Predicting when tectonic hazards may occur

You can predict when an earthquake may occur using…

The time since the last one. Earthquakes seem to occur in patterns so this may give a clue to when the next one may occur.
Lasers to measure tiny movements in the crust. This may show pressure is building up in a fault and this could be a warning for an earthquake.
Snakes. Supposedly animals can sense if an earthquake is imminent.

You can predict when a volcano may occur using…

Gas measurements. This show is the gas pressure is increasing in the magma chamber. This could be a warning sign before an eruption.
Temperature measurements. Increasing temperatures may show magma rising inside the volcano and allow you to give a warning.
Shape measurements. This shows if the sides of the volcano are bulging. This could be a warning sign of gas pressure rising inside.

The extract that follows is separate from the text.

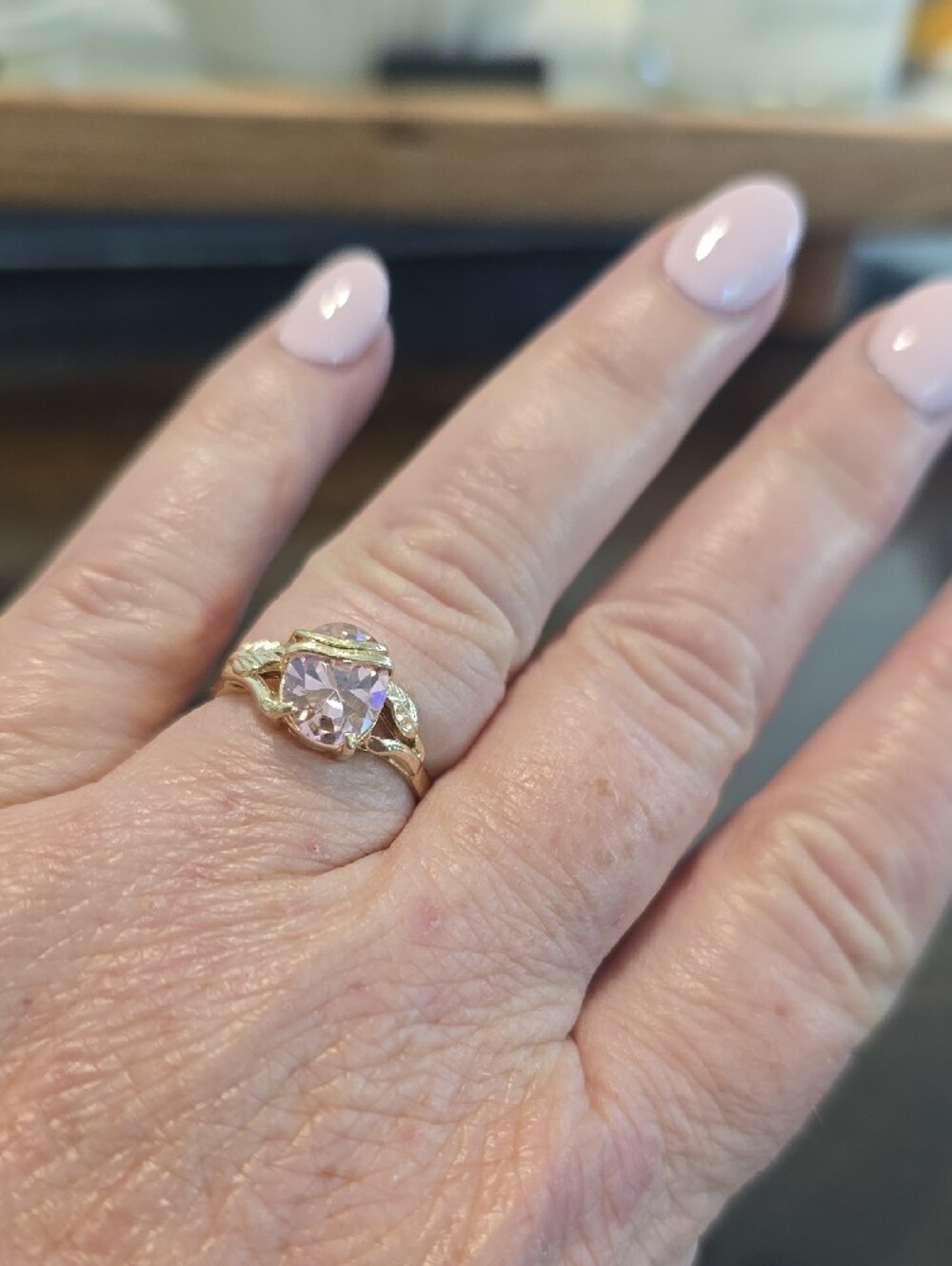 Gold Ring with Pink Gemstone and Leaf Accent - Picture 3 of 5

Planning and protection to reduce the risks of tectonic hazards

To plan ahead before an earthquake you can…

Have training drills. In Japan on 1st September every year than practice how to respond to an earthquake.
Educate people. In New Zealand pupils know to ‘drop, cover, hold’ in an earthquake.
Use survival kits. In Japan most homes have a survival kit to help in the aftermath of an earthquake.

Buildings can be designed to protect people form earthquake danger.

In HICs like USA buildings can use base isolation. This is when ball bearings are used to separate the building from the ground. The ground can shake but the buidings stays still. Also water tanks are used on the roofs of sky scrapers. These act as a counter-balance to reduce the sway.

In LICs like Peru simple appropriate technology can be used. Geomesh can be wrapped around adobe (mud brick) homes. This reinforces the structure, preventing its collapse.

You can plan ahead before a volcanic eruption by…

Educating people how to behave in an ash cloud. They should stay indoors and wear a mask or damp cloth over their face.
Warning people. Warning signs can tell people if an eruption is likely. In some cases exclusions zones may be needed to keep people away from the dangers of a pyroclastic flow.

You can protect people by trying to stop lava flows and mudflows.

You can stop or deflect a lava flow using an earth ditch or bank. You could also try spraying the lava with water to cool it until it solidifies.

You can also construct channels to divert mudflows – called lahars – away from people. Barriers can also be installed to trap the largest boulders causing damage.